Wie sich das lösen lässt? Recht simpel. Wir zwacken einfach 8 Euro monatlich von der GEZ-Gebühr ab und verteilen die um. Nämlich an die Künstler. „Flattr“ macht das ja schon vor, allerdings setzt der Dienst a) auf Freiwilligkeit und will b) selbst Geld verdienen, was sich in diesem noblen Volkskunstversorgungszusammenhang verbietet. Drum: Jeder deutsche Steuerpflichtige zahlt ab heute 100 Euro p.a. als „Künstlergroschen“, die Kohle wird automatisch monatlich abgebucht, im Rahmen der Sozialabgaben. Dafür kriegt aber auch jeder Steuerpflichtige ein modifiziertes „Flattr“-Konto, sprich, so oft er irgendwas im Netz sieht, hört oder liest, was ihm gefällt, belohnt er das per Klick auf das entsprechende Gefällt-mir-Simpelkästchen mit einem, zwei oder zehn Punkten im Gegenwert von meinetwegen 10 Cent. Und zwar solange, bis sein 100-Euro-Konto leer ist. Dann gibt´s erst im nächsten Januar wieder was für die coolen Künstler. Nicht persönlich vergebene Guthaben gehen direkt in den großen Künstlereimer, bei dem jeder Mitglied werden kann, der Kunst veröffentlich, so kommt der Rest des Geldes unter die guten Leute.
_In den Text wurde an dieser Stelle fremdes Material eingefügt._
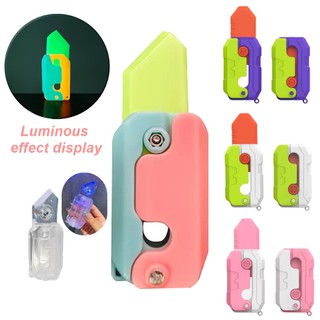 Đồ chơi thẻ nhấn tạo hình củ cà rốt 3d phát sáng độc đáo cho bé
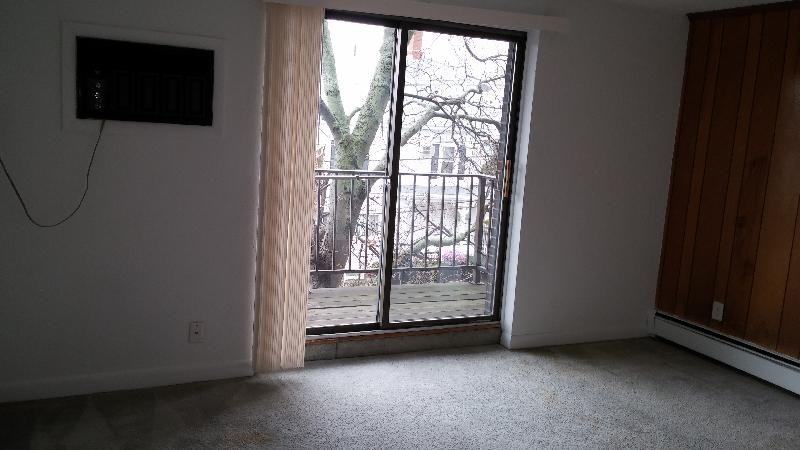 Eleanor St. & Clark Ave #10 - Photo 6 of 8
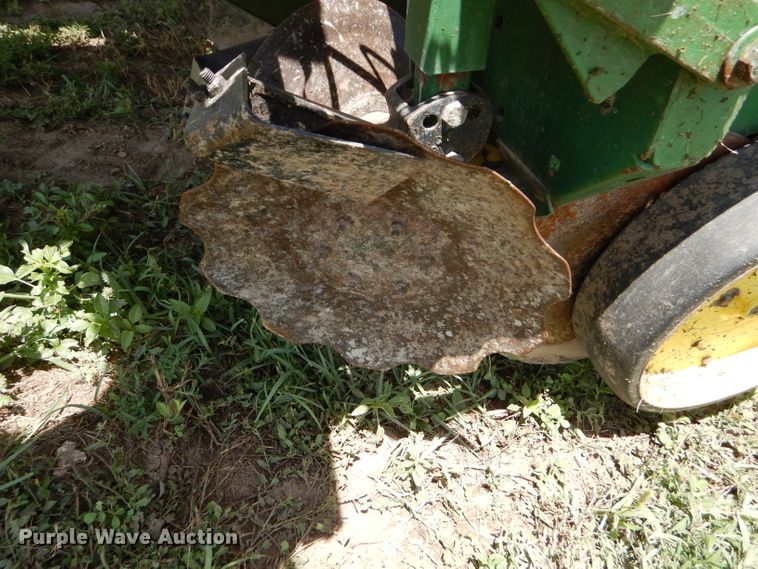 image for item FY9511 John Deere 7200 no-till planter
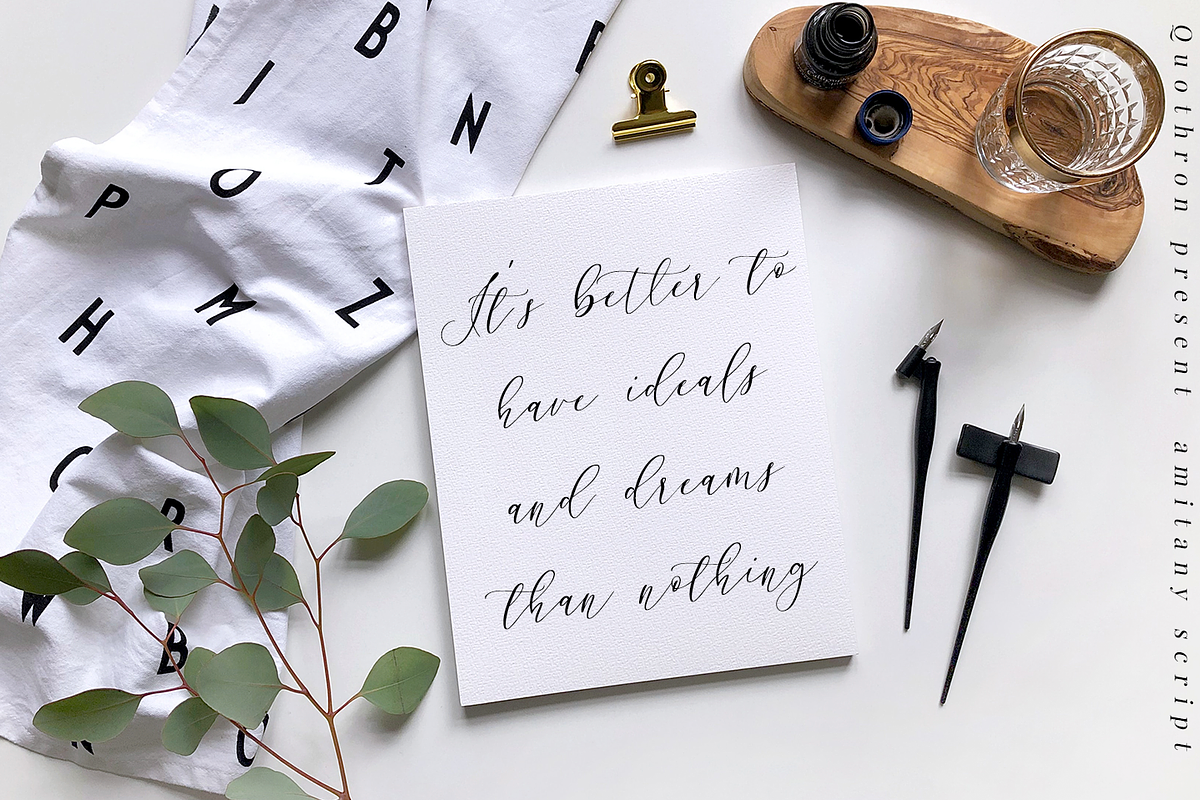 Amitany Script Font preview 5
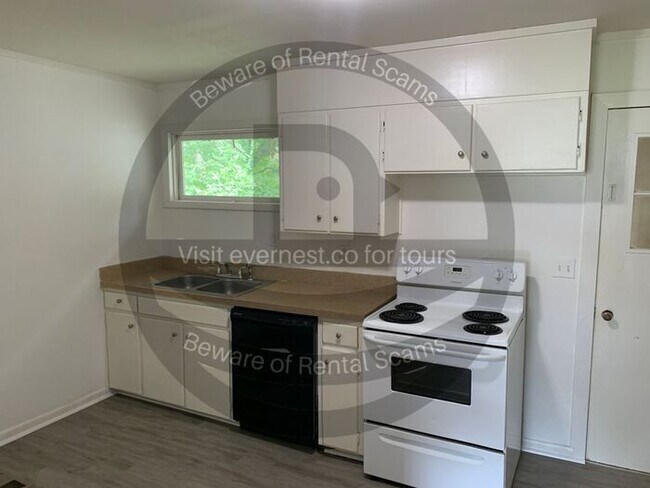 Building Photo - 5209 Scenic View Dr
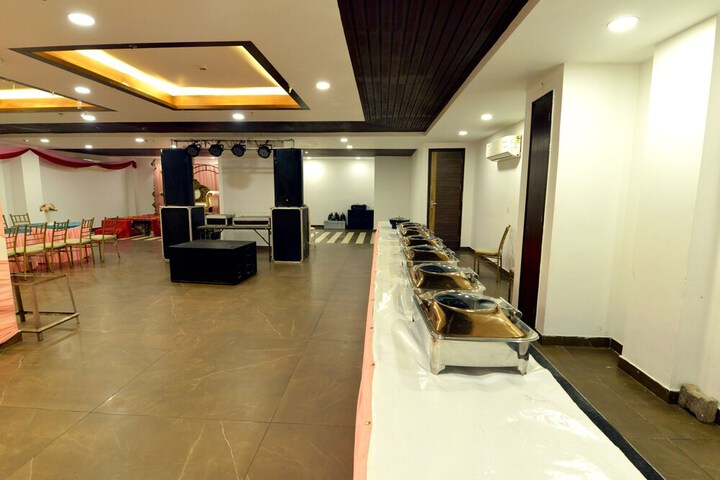 Business Center 45 of 48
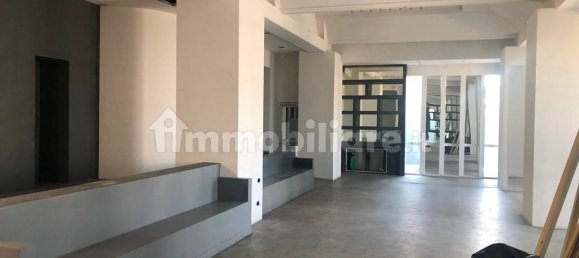 Oficina de 5 habitaciónes en Mazzano, Italy No. 165964 3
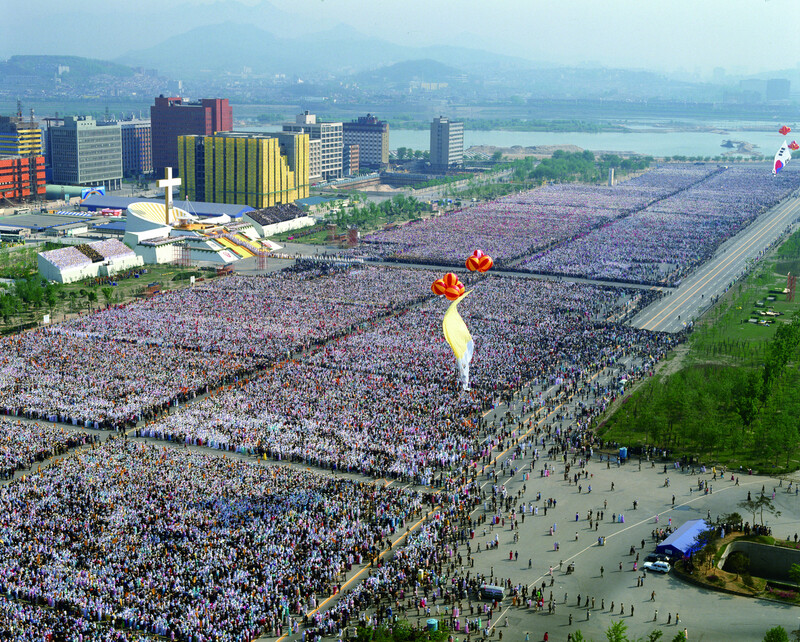 5·16광장은 1970~80년대 군사 퍼레이드, 관제 집회, 종교 행사에 주로 쓰였다. 100만명이 운집한 1984년 한국 천주교 200주년 대회 장면. 서울역사아카이브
Damit wir uns nicht missverstehen: Wir reden hier über bummelig 25 Millionen Erwerbstätige x 100 Euro, also ein jährliches Kunstförderungsprogramm von 2,5 Milliarden Euro. Zum pro-deutsche-Nase-Monatsabopreis von 8 Euro 50! (Wie, ich kann nicht rechnen? Kann sein, aber die Details kriegt garantiert mein Buchhalter raus, wenn ich erst das Kultusministerium übernommen hab. Wie, es gibt gar kein Kultusministerium?)
Und noch mal wie: das ist ja ne zweite GEZ? Ja! Und zwar eine zeitgemäße! Das muss doch mal aufhören, Kinder, euer komplett verstrahltes „Ich will aber immer alles billig, und die Kunst, die Kreativität und die nicht so ganz massentaugliche Unterhaltung, die ich so liebe, die will ich umsonst!“ Das ist Zechprellerei als Volkssport. Ihr geht doch auch nicht über den Wochenmarkt und esst da alles auf, ohne zu zahlen.